══ Supplied data ══

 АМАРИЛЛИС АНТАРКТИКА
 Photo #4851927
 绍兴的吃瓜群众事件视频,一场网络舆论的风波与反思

═══

Exercise description ::
Could you give the data above again, exact in every line?

Final answer ::
 АМАРИЛЛИС АНТАРКТИКА
 Photo #4851927
 绍兴的吃瓜群众事件视频,一场网络舆论的风波与反思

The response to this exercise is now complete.